For that size container, spoon feeding at a rate of 0.25 lbs N/M, you would apply approximately 35 milligrams of 46-0-0 urea.


----------



## FuzzeWuzze (Aug 25, 2017)

ScottW said:


> Somebody check my math...
> 
> For that size container, spoon feeding at a rate of 0.25 lbs N/M, you would apply approximately 35 milligrams of 46-0-0 urea.


To be more precise, according to my measurements to get .25N in a 32oz spray bottle(dollar tree!), he needs to dissolve 0.135 lbs of Urea. Then he can just spritz the plant a few times once a week  It wont be precise, but pretty close.


----------



## ReelOlives (Oct 4, 2018)

I was wondering when I would need to put down my first application of Milorganite. I need to transplant the PRG to a new container that helps with drainage.


----------



## Drys (Sep 19, 2018)

ReelOlives said:


> @Drys Yeah - I am thinking about core aerating with a pen. I might be able to dethatch with a fork.


 :lol: :lol: :lol:

I have some left over SS1000 Tall Fescue Blend (https://www.seedsuperstore.com/catalog/p-100003/ss1000-tall-fescue-blend) if you want - PM me your info.


----------



## SNOWBOB11 (Aug 31, 2017)

You should get some bentgrass and make a coffee cup putting green.


----------



## ReelOlives (Oct 4, 2018)

Drys said:


> ReelOlives said:
> 
> 
> > @Drys Yeah - I am thinking about core aerating with a pen.
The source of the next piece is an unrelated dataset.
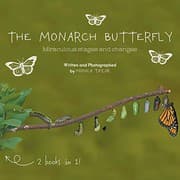 Tapa de The Monarch Butterfly and The Cecropia Moth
I might be able to dethatch with a fork.
> ...


Oh nice! I will send you a PM


----------



## ReelOlives (Oct 4, 2018)

SNOWBOB11 said:


> You should get some bentgrass and make a coffee cup putting green.


That would be pretty cool. I would need to get a roller for when I double cut double roll.


----------



## DonInTheLawn (Sep 10, 2019)

Drys said:


> Detaching that is going to be a PITA.


I LOL'd :lol:


----------



## pennstater2005 (Jul 17, 2017)

I'm stealing this idea @ReelOlives. Keep me busy at work :lol:


----------



## Ohio Lawn (Mar 20, 2019)

ReelOlives said:


> So a while back I thought wow my desk looks a little sad and might need a desk plant... Why not plant some grass! :thumbup:
> 
> I threw some Perennial Ryegrass in a mug with some Miracle Grow and within 3 weeks it is produced a very lush desk plant!
> 
> ...


I can send you some SS1000 TTTF (Regenerate, 4th Millennium, Amity, Raptor III) if you want. PM me.


----------



## davegravy (Jul 25, 2019)

ReelOlives said:


> Side note: Yes I am cutting the grass with scissors


Make sure you sharpen them every couple months...


----------